5. Unnecessary Tensor Copies or Intermediate Variables:

  • Diagnosis: Memory grows unexpectedly during complex operations or within custom layers. torch.cuda.memory_summary() can sometimes reveal large, persistent allocations.
  • Cause: Creating multiple copies of tensors, or not reusing memory for intermediate results when possible. For example, x = x + y might create a new tensor x instead of modifying x in-place if y requires a different memory layout.
  • Fix: Use in-place operations where appropriate (e.g., x.add_(y)) and be mindful of variable assignments. If you need to preserve the original tensor, make an explicit .clone() before modification.
    # Potentially leaky:
    # temp_tensor = model(input_tensor)
    # result = temp_tensor * 2 # Might create a new tensor
    
    # Better:
    # temp_tensor = model(input_tensor)
    # temp_tensor.mul_(2) # In-place operation, reuses memory
    # result = temp_tensor # Now result points to the modified tensor
    
  • Why it works: In-place operations modify the tensor directly, often reusing its existing memory buffer.
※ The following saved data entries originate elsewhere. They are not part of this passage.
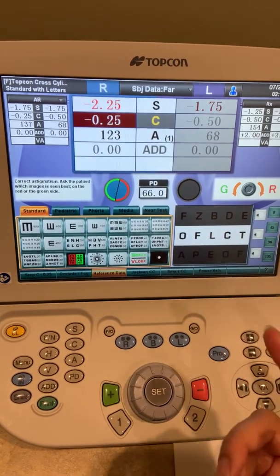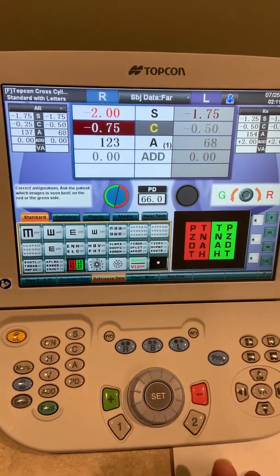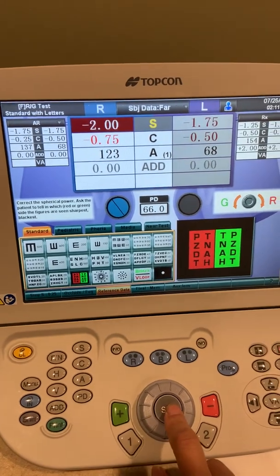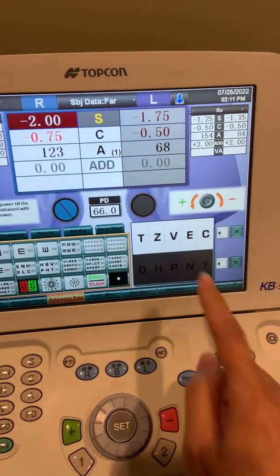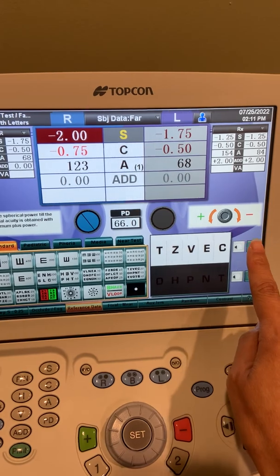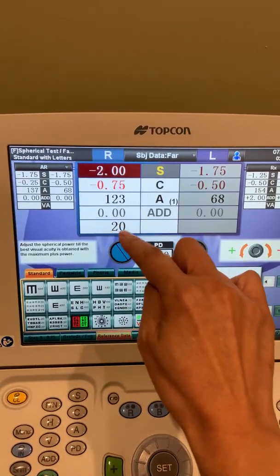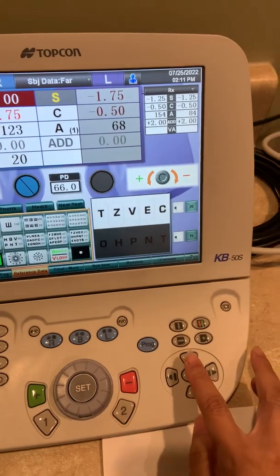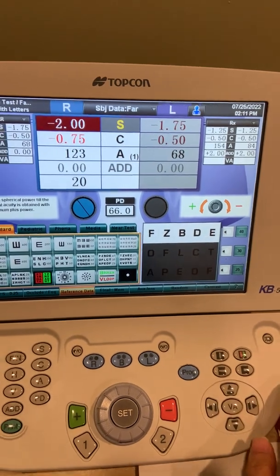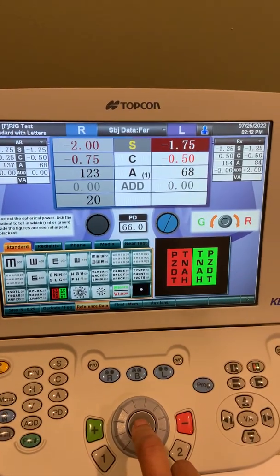Same idea here — red or green, which is best — until they say equal, then hit set. The next step will check the spherical power again. If it is equal, go ahead and hit set, and we'll move on to the visual acuity. Hopefully the patient will be able to see 20/20. Go ahead and press the screen here and it should show you that they are 20/20 and record it for you. If they are not 20/20, you can go ahead and move the screen up to 20/25, 20/30, whatever is necessary. Once you are finished with the right eye, you will hit set and then move on to the left eye.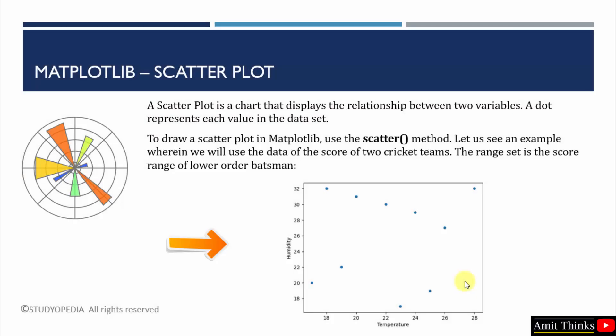So in this way guys we saw how to create a scatter plot in matplotlib. We have used the scatter method and we have also set the range.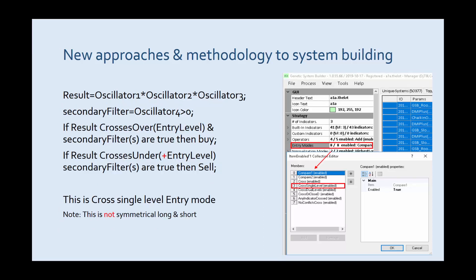This is crossover single level. This is not symmetrical in the fact that there is a bias to long or short but there's only one variable here. Note the plus on the entry level, on the standard crossover that operand is a negative.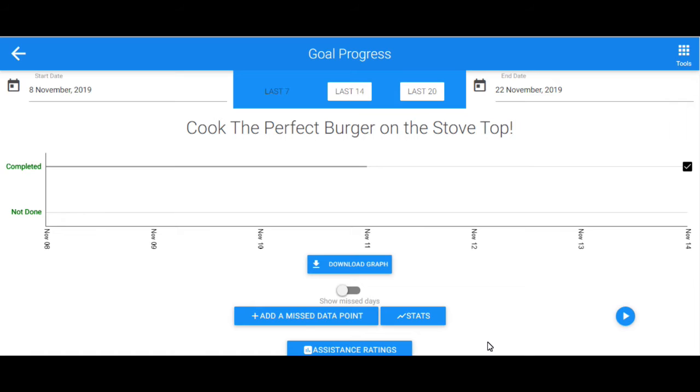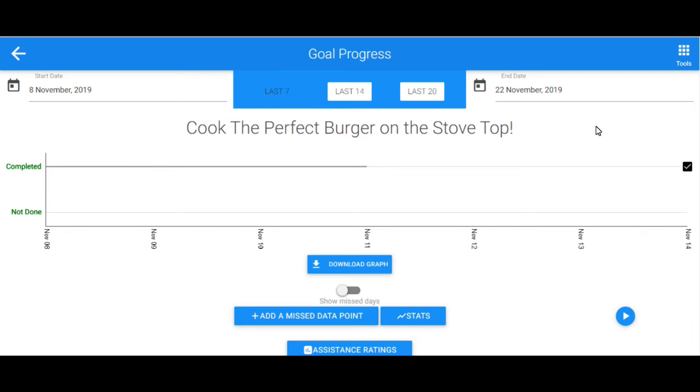Cognitopia allows you to adjust the date range of completion data from 7, 14, or 20 days from the current day, or set a custom date range yourself. For the purposes of this tutorial, however, we will stick with the 7-day range.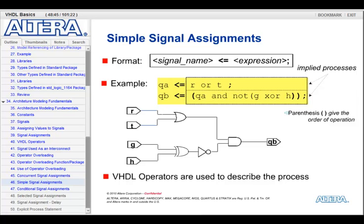If any of the signals on the right-hand side changes, then that process — that line — turns on, executes its expression, and applies its result to the left-hand side. So for example, if R changes, then the top implied process turns on, executes R or T, and assigns a value to QA. If QA then changes, the second statement turns on, executes its expression, and assigns a new value to QB. You can use parentheses to provide order to expressions. And to illustrate it again — the order of these two lines does not matter; if I flip them around, I would still get the exact same behavior. Signal assignments run concurrently.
Explicitly cloning ensures that a new, independent copy is made, preventing unintended modifications to the original.

6. Data Loading Issues (e.g., pin_memory=True with many workers):

  • Diagnosis: High CPU RAM usage, and GPU memory might not be fully utilized but still shows leaks. nvidia-smi might show less GPU memory used than torch.cuda.memory_allocated().
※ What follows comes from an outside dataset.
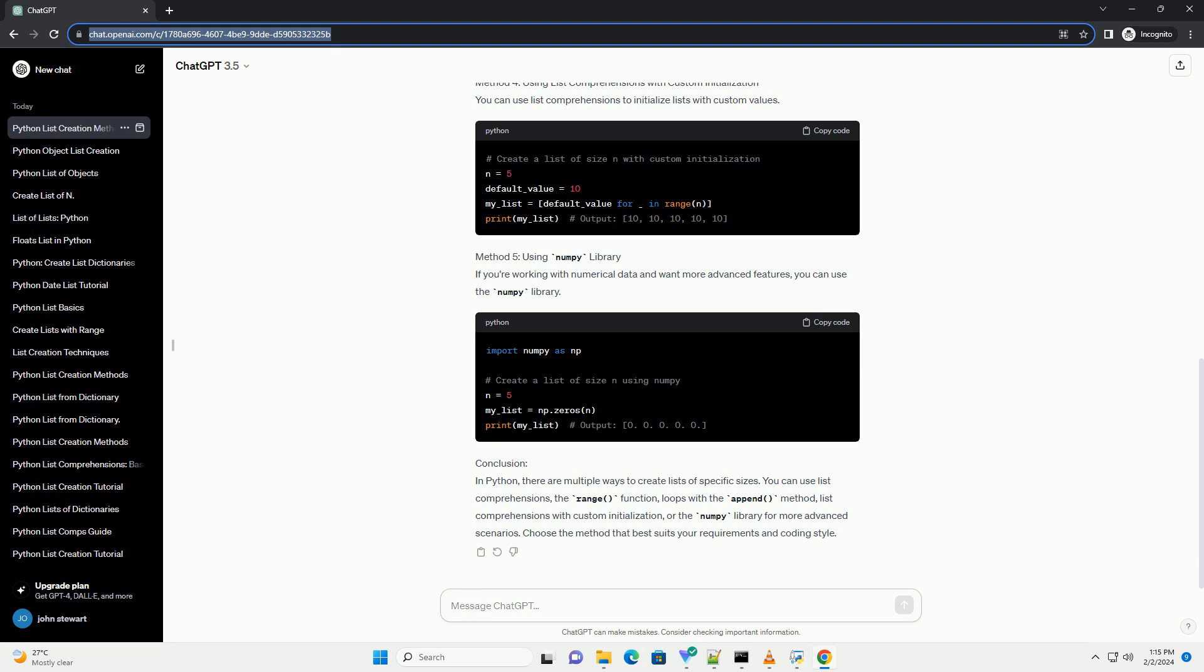Method 4: Using List Comprehensions with Custom Initialization. You can use list comprehensions to initialize lists with custom values. Method 5: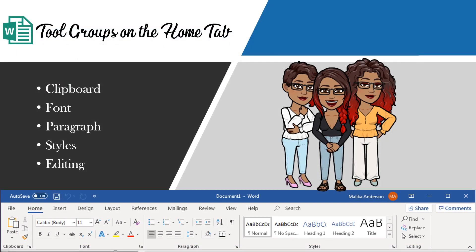Lastly, we want to take a look at the different tool groups on the Home tab. On the ribbon, you have different tabs — the Home tab, the Insert tab, the Design tab. On the Home tab, you're going to see the Clipboard group, Font tool group, Paragraph styles, and Editing. Notice that they're grouped according to the functions they perform. For example, in the Font group you'll see tools to change font styles, and in the Paragraph tool group you'll see tools to change alignments within your paragraph.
  • Cause: When pin_memory=True is used in DataLoader, tensors are allocated in pinned (page-locked) host memory, which speeds up CPU-to-GPU transfers. If you have many workers (num_workers > 0) and the data loader is holding onto these pinned tensors longer than necessary, it can consume significant host RAM and indirectly impact GPU memory management.
  • Fix: Reduce num_workers in your DataLoader or set pin_memory=False if it’s not critical for performance. Ensure tensors are moved to the GPU and then released promptly.
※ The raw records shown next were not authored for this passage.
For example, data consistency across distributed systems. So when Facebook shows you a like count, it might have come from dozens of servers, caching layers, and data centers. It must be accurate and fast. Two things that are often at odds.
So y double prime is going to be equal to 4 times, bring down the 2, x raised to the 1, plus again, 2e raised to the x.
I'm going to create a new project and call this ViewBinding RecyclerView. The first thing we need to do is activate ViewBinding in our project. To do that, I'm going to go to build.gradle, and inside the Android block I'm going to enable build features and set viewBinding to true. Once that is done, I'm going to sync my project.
    trainloader = torch.utils.data.DataLoader(train_dataset, batch_size=64, shuffle=True, num_workers=2, pin_memory=False)
    
  • Why it works: Reducing num_workers decreases the number of parallel data loading processes, and pin_memory=False avoids allocating page-locked host memory, both of which reduce the chances of pinned memory becoming a bottleneck or a source of leaks.

If you fix all of these, the next error you’ll likely hit is a CUDA kernel launch failure because your model is simply too large for the GPU’s VRAM to even load.